Task requirements →
Please output the lines shown below exactly as they appear.

Given data →
*****
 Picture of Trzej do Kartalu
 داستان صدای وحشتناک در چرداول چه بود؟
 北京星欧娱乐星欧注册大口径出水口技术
*****
Exercise response →
 Picture of Trzej do Kartalu
 داستان صدای وحشتناک در چرداول چه بود؟
 北京星欧娱乐星欧注册大口径出水口技术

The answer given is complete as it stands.